Growing Humanities: Flourishing Futures in Challenging Times
Higher Education Conference

29th June 2026, University of Westminster, 309 Regent Street, London

Across the UK and internationally, Humanities disciplines are navigating a period of profound challenge. Declining enrolments, funding pressures, restructuring agendas, and persistent political and media narratives that question the value of Humanities study have created an uncertain landscape for students, educators, and researchers alike. Yet this moment is also one of possibility. The Humanities continue to generate transformative knowledge about culture, history, language, ethics, creativity, and human experience—knowledge that is indispensable for understanding complex global challenges and imagining more just and sustainable futures.
This conference invites participants to explore the theme of Growing Humanities. We deliberately use the concept of growth in expansive and critical ways. While growth is often framed within neoliberal economic logics—metrics, recruitment numbers, income streams, and productivity—this event seeks to foreground alternative understandings. Growth may be intellectual, cultural, social, pedagogical, civic, ecological, or personal. It may involve deepening rather than scaling; collaboration rather than competition; or transformation rather than accumulation. Growth might also mean resistance: protecting spaces for critical inquiry, creativity, reflection, and intervention in contexts where they are under threat.
We aim to create a space that both celebrates the enduring importance of Humanities disciplines and collectively plans for flourishing futures. The conference will bring together academics, professional services colleagues, students, sector leaders, policymakers, and community partners to share ideas, practices, and strategies that support Humanities education and research in Higher Education.
Provisional Programme

9-9.30 Registration and Coffee

9.30 - 9.45: Welcome (Lucy Bond, Head of Humanities, University of Westminster)

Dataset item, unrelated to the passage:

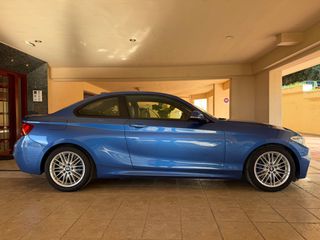 Bmw 218 2017 M-Pack-thumb-9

9.45 - 11 Session 1: Translating Humanities (Chair, Alexa Alfer and Juliet Vine)

Omri Asscher (Bar-Ilan University) – “The Humanities’ unique edge in the age of AI: Translation studies as a case in point”

Christophe Fricker (University of Bristol) – “Translation is what we do when we stop kidding ourselves”

Ye Tian (University of Leeds) – “Translation, Creativity, Serendipity: Slow Translation as Resistance”


11 - 11.15 Break


11.15 - 12.45 Session 2: (Re)Valuing Humanities

Abel Beserra (University of Sao Paulo) – “Beyond Measurable Value: Negativity, the Subject, and the Ontological Case for the Humanities”

Zahid Naz (QMUL) – “The Useful University? Higher Education Policy and the Struggle for Purpose”

Charlotte Fraser (University of Sussex) and Clara Vlessing (University College Dublin) – “On ‘On (Not) Sleeping with Your Students’: Self-Actualisation in the Unsexy Humanities”

Michelle Tambosi (University of Sao Paulo/ University of Birmingham) – “Poetry as Method”


12.45 - 1.30 Lunch


1.30 - 2.30 Session 3: Plenary and Workshop

Plenary: Chris Newfield (Independent Social Research Foundation) – “Society Wants Some Answers: The Future of Literary knowledge as a University Institution”

Workshop: Lesley McKay (University of the Highlands and Islands) – “Mapping Belonging: Creative‑Critical Methods for Exploring Emotional Geographies of Belonging and Place”


2.30 - 3.45 Session 4: Histories and Environments

Ruth Graham (Family History Federation) – “Translating scholarship for community engagement: public humanities practice in family history societies”

Shiuli Saral (Independent Researcher) – “Thinking in a historical crisis: pathways for a historical response to climate change”

Mark Borthwick (Open University) – “‘Revival Through New Breath: Oral Tradition as an Alternative Model for Humanities Knowledge’”


3.45 - 4 Break


4 - 5.30 Session 5: Humanities on the Frontline

David Christoper (University of Leicester) – “Foundation Studies in a Shrinking SHAPE Landscape at the University of Leicester”

Jakob Stougaard-Nielsen (UCL) – “Cultivating a Culture of Innovation in Arts and Humanities Education: Lessons from the UCL Centre for Humanities Education”

Nate Johnson (Postsecondary Analytics) – “Love’s Labor’s Swamped: How ‘Florida Man'; is Reshaping the Humanities in the 21st Century”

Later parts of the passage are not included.